Dataset content:
--- START ---

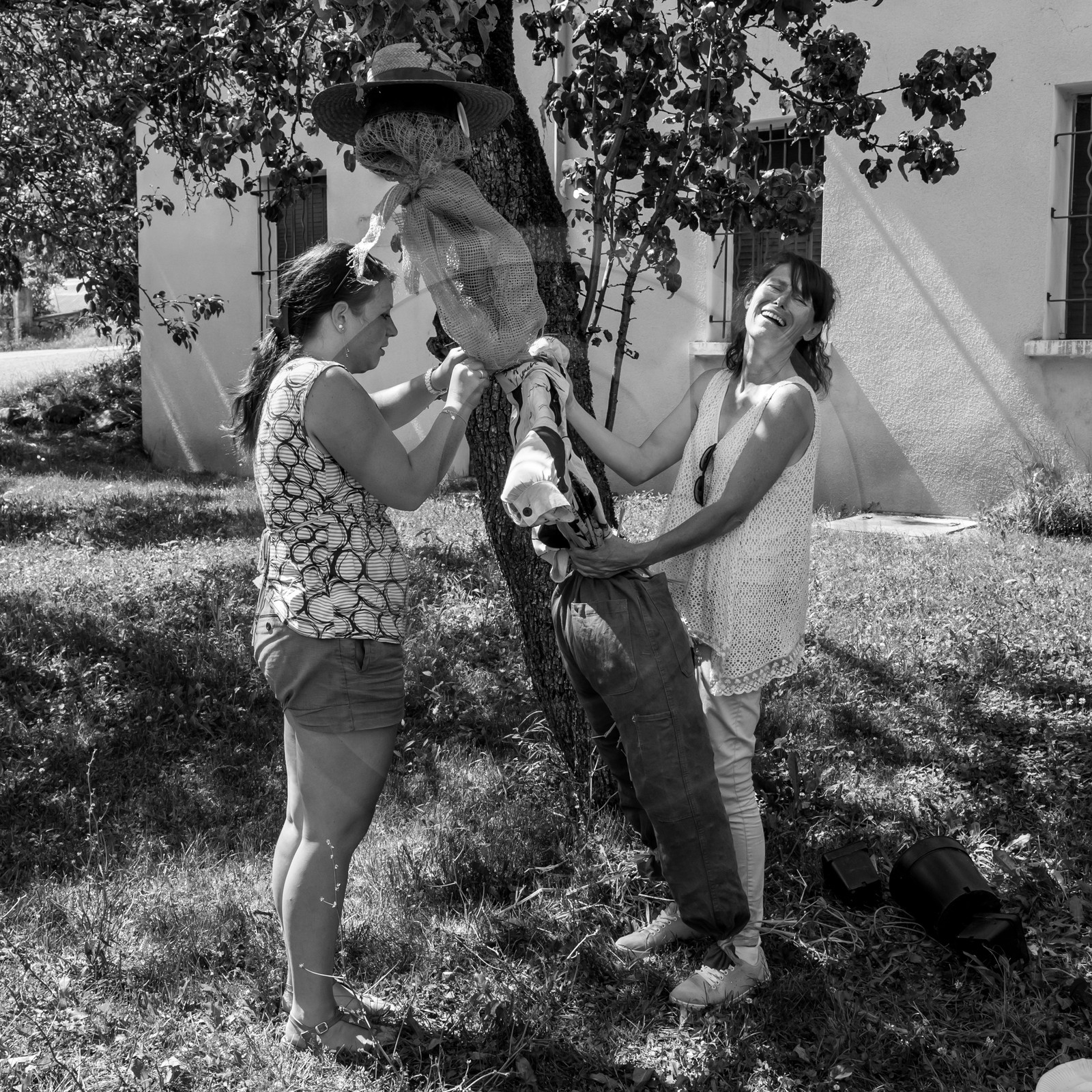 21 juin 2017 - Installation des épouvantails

--- END ---
--- START ---

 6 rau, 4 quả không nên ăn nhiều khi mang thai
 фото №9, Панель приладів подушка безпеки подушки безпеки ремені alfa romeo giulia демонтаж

--- END ---
--- START ---

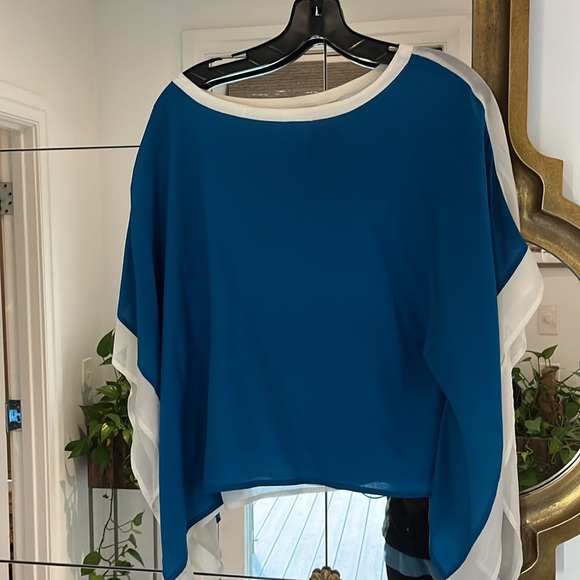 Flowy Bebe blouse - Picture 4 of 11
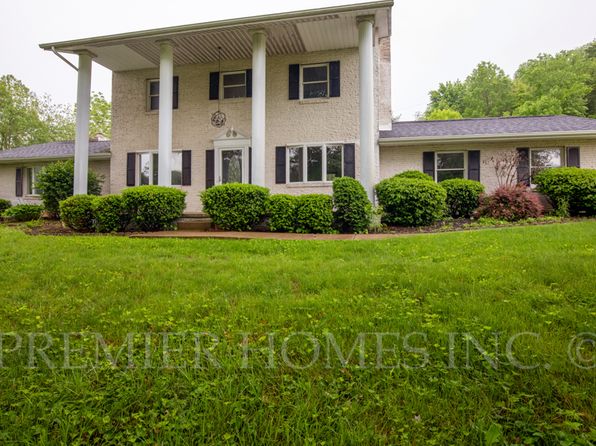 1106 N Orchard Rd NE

--- END ---

Problem description: Start with the line above containing "Flowy Bebe blouse - Picture 4 of 11" and end with the line containing "1106 N Orchard Rd NE". Set down that stretch exactly, without any pictures.

Answer to this task:
 Flowy Bebe blouse - Picture 4 of 11
 1106 N Orchard Rd NE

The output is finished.